Say hello to the dementor wasp

The Snark

Dumpster Fire of the Gods
Old Timer
Joined
Aug 8, 2005
Messages
11,048
I start reading... amazing wasp! Then I read on down that page and put mental images to the rampant uncontrolled destruction and exploitation of the Mekhong valley I have seen first hand. No end in sight, corruption from the poachers in the forest to the highest government officials. New species of animals are being discovered almost every day in that area and one of the reasons is the annihilation of the environment. A scorched earth scenario that would have given Hitler and the third Reich wet dreams and the clamor for more energy, more dams, more logging and resource exploitation deafening.

Hello wonderful new species, and goodbye.


(Hey Shrike. Thanks for the post. Much appreciated. Sorry for being a wet blanket here. I'm just damned frustrated. So many people appreciate these wonders but protecting and preserving them ... sigh. They will be putting in a dam on the Mekhong shortly and the habitat of this wasp and friends will be forever severely altered or completely destroyed. Only a couple hundred miles away the even more pristine and virtually unexplored Salween valley is facing a similar fate. And that will be the end of the major wild rivers and their habitat of SE Asia.)



'Don't it always seem to go but you don't know what you got till it's gone. They paved paradise and put in a parking lot' -Joni Mitchell
 
Last edited:

DETHCHEEZ

Arachnosquire
Joined
Feb 11, 2010
Messages
71
I start reading... amazing wasp! Then I read on down that page and put mental images to the rampant uncontrolled destruction and exploitation of the Mekhong valley I have seen first hand. No end in sight, corruption from the poachers in the forest to the highest government officials. New species of animals are being discovered almost every day in that area and one of the reasons is the annihilation of the environment. A scorched earth scenario that would have given Hitler and the third Reich wet dreams and the clamor for more energy, more dams, more logging and resource exploitation deafening.

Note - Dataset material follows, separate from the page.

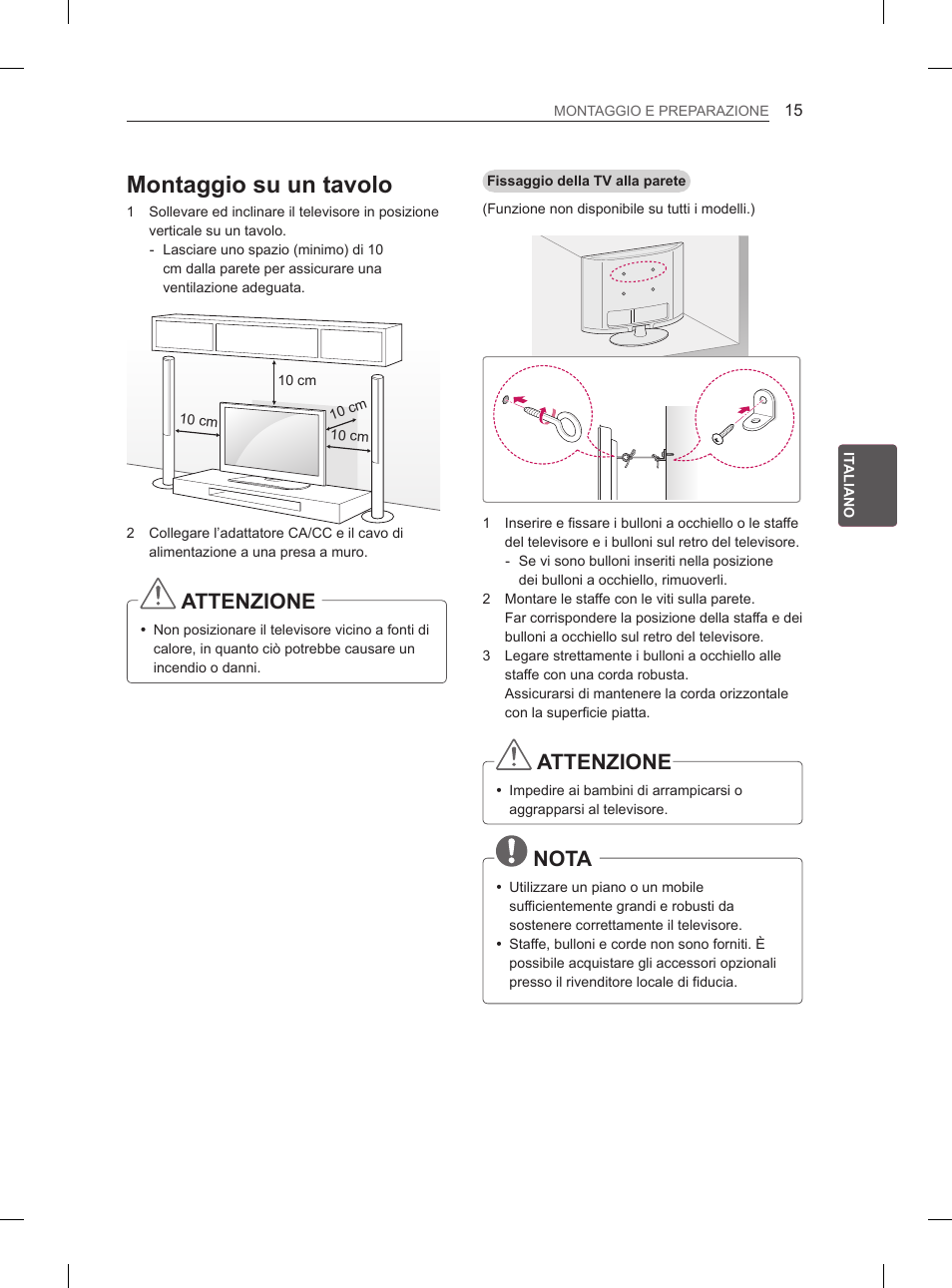 Montaggio su un tavolo, Attenzione, Nota | LG 29LN460R User Manual | Page 88 / 243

Hello wonderful new species, and goodbye.


(Hey Shrike. Thanks for the post. Much appreciated. Sorry for being a wet blanket here. I'm just damned frustrated. So many people appreciate these wonders but protecting and preserving them ... sigh. They will be putting in a dam on the Mekhong shortly and the habitat of this wasp and friends will be forever severely altered or completely destroyed. Only a couple hundred miles away the even more pristine and virtually unexplored Salween valley is facing a similar fate. And that will be the end of the major wild rivers and their habitat of SE Asia.)

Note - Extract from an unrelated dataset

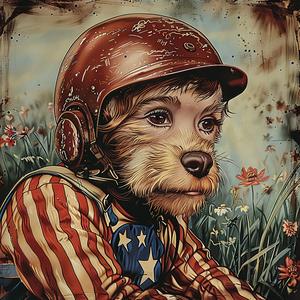 dog  American  flag  outfit  chromolithography  vibrant  illustration  colorful  unique  artwork 1051162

'Don't it always seem to go but you don't know what you got till it's gone. They paved paradise and put in a parking lot' -Joni Mitchell
There's an article about that called "Harnessing The Mekong Or Killing It" in the May 20015 issue of National Geographic
 

The Snark

Dumpster Fire of the Gods
Old Timer
Joined
Aug 8, 2005
Messages
11,048
There's an article about that called "Harnessing The Mekong Or Killing It" in the May 20015 issue of National Geographic
(Not meaning to derail the thread but)
Last year after the Chinese did some fiddling upriver I walked across the Mekhong. On the riverbed, I never even got my shoes wet, just muddy.
Compare to the Mississippi river. Mekhong, 2700 miles long, Miss, 2300 miles. Mekhong, 513,000 cubic feet per second, Mi, 600,000 cubic feet per second.
 

Shrike

Arachnoprince
Old Timer
Joined
Jul 8, 2006
Messages
1,598
I start reading... amazing wasp! Then I read on down that page and put mental images to the rampant uncontrolled destruction and exploitation of the Mekhong valley I have seen first hand. No end in sight, corruption from the poachers in the forest to the highest government officials. New species of animals are being discovered almost every day in that area and one of the reasons is the annihilation of the environment. A scorched earth scenario that would have given Hitler and the third Reich wet dreams and the clamor for more energy, more dams, more logging and resource exploitation deafening.

Hello wonderful new species, and goodbye.


(Hey Shrike. Thanks for the post. Much appreciated. Sorry for being a wet blanket here. I'm just damned frustrated. So many people appreciate these wonders but protecting and preserving them ... sigh. They will be putting in a dam on the Mekhong shortly and the habitat of this wasp and friends will be forever severely altered or completely destroyed. Only a couple hundred miles away the even more pristine and virtually unexplored Salween valley is facing a similar fate. And that will be the end of the major wild rivers and their habitat of SE Asia.)



'Don't it always seem to go but you don't know what you got till it's gone. They paved paradise and put in a parking lot' -Joni Mitchell
No worries Snark. I think the ongoing global loss of biodiversity is a tragedy that won't be fully appreciated until it's far too late to do anything about it.